ARCHITECTURAL IMPRINT?

SIR: It was commendable to devote an issue of a glossy magazine to doing less with more (AR March). Judging by your 'Comment', you must find publishing 'vulgar villas for millionaires' dull at times. I was impressed by the work of Sam Mockbee/Rural Studio, which addresses the plight of the poor in the Deep South of the US. These people, citizens of the richest and supposedly most liberal country in the world, people mostly but not all black, live in conditions disturbingly similar to many things which have happened (and happen) in my country.

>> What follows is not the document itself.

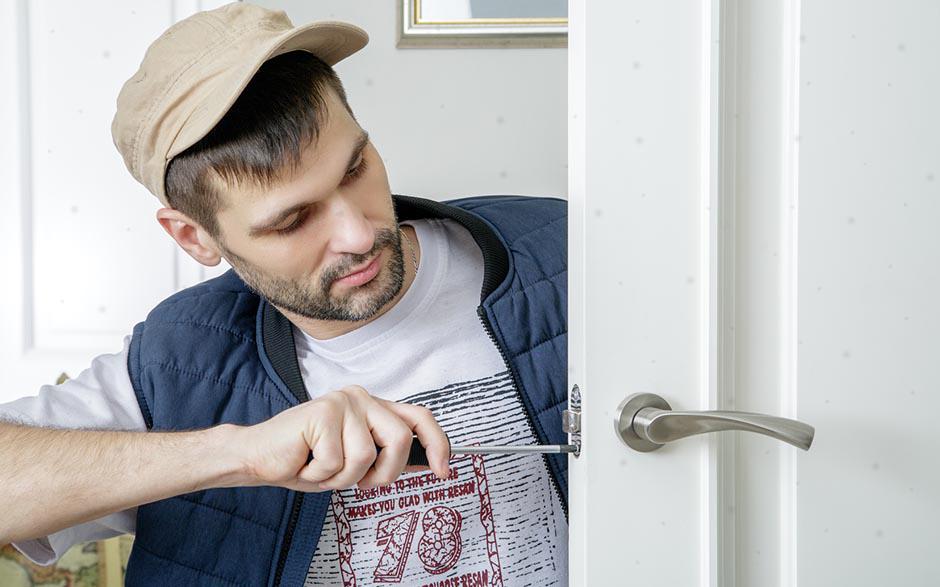 combien coute un serrurier pour ouvrir une porte Coulommiers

I don't wish to denigrate the achievements and manifest decency of Mockbee. Yet I am disturbed by the 'architecturalness' of the work. There seems to be the insertion of wilful oddities, perhaps the most striking of which is the use of defunct vehicle licence plates as cladding (see picture 6, p56 Surely, it would have been cheaper to use some simple form of siding? There are a lot of similar moves in the rest of the work: unnecessary changes of material, windows at odd angles etc. All these moments seem to have been occasioned by a desire to show that architects have been at work, and do not necessarily add to the well-being of the users.

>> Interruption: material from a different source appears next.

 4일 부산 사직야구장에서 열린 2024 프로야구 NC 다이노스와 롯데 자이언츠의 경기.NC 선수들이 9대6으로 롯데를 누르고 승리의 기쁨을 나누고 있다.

Perhaps architects can have a role in building for the poor, though not usually as much as they claim. Obviously Rural Studio is doing good. But would they have been published in an international magazine if they had not tried to imprint their work with clear signs to make it plainly Architecture? Do these moves make the work less replicable and so less valuable? Are there other architects round the world, who have made equally useful contributions but who would never get into your pages because they are not obviously Architectural?

Yours etc

JANET ANSTRUTHER

Johannesburg

IN THE NAME OF PROGRESS

SIR: I was intrigued and delighted with Jim Antoniou's clear and concise piece on the Forbidden City (AR April). It must remain the most important architectural experience of a strange, distant (physically and culturally) alternative civilization. Would that the Forum in Rome, Angkor Wat, Machu Pichu, etc were in such a good and complete condition.

After removing the dust from the Gobi Desert from under my contact lenses, I found the City baffling, I had so few pointers on how to navigate, interpret, 'read' such an environment, and Antoniou helped me to grasp more of it through his valuable interpretation.

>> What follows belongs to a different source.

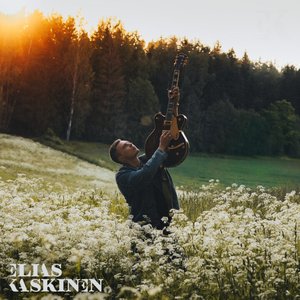 Meidän tässä kuuluisi rakastuu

However there is the huge problem of context. The Chinese in almost every other (Western) criterion seem totally lacking sense, sensibility or sensitivity. The gargantuan act of vandalism of destroying the tenth-century city wall, one of the wonders of the ancient world, to create a multi-track ringroad of quite staggering traffic engineers nihilism. How could they?

And I fear reports that the authorities have got their teeth into the fascinating and equally vibrant and important hutongs or mass walled courtyard houses/shacks/shanties/slums for the 'ordinary' Chinese, cheek by jowl to the great Palace, like mediaeval illustrations of the surroundings of our great Cathedrals.

Can anyone reassure me that this is not true? Jim Antoniou? Is there anything we can do if the reports are true? Or are they, too, destined to vanish, further isolating the Forbidden City from a fuller human urban context?

Yours etc

PETER CAREY Bath, England

ENERGY CRISIS

SIR: I do hope the section of the artists' Santa Monica studio (AR March) is incorrect: are the artists really going to have to swelter under a tin roof with no insulation in the Californian sun? I assume they will need air con which will certainly add to the current energy crisis.

Yours etc

ANNE DYE

London, England

STONE SILENCE

SIR: Let me answer the attack by James Broderick on your April Delight (May, p30). I was lucky enough to see the stone circle at Roche Court, and it lives up to what your critic wrote about it: it stands there, both powerful and intimate. Mute it may be, but still it speaks, not only through the excellently cut texts (the choice, but not execution of which is certainly open to question), but with its very presence, which focuses emotion in a way which the old circles of our ancestors were intended to do. Broderick suggests they did such things better than we can. It is futile to pursue such a line - circles of stones have had power in many civilizations and many ages - why should our generation not try to evoke the archetype? Richard Kindersley makes no attempt to pretend that his hard, thin, flat stones are intended to look ancient: they are of our time, and enable us to contemplate ourselves in the present and our relationship to history.

Yours etc

WILLIAM WISHART Dublin, Ireland

VENTURING BEYOND THE BOUNDARIES

SIR: I do share the view with M. Prataprao (AR April letters) that personal logic should not be used to defend bad design, but this need not be the basis for the dismissal of the importance of the architect's philosophy. In fact, I find it rather absurd to merit design solely by the six parameters as proposed and dismiss the philosophical stand of the architect. It is through the architect's philosophical ideal that all the elemental considerations (including the parameters proposed) are united into one coherent design. How can it be disregarded when the two are inextricably intertwined?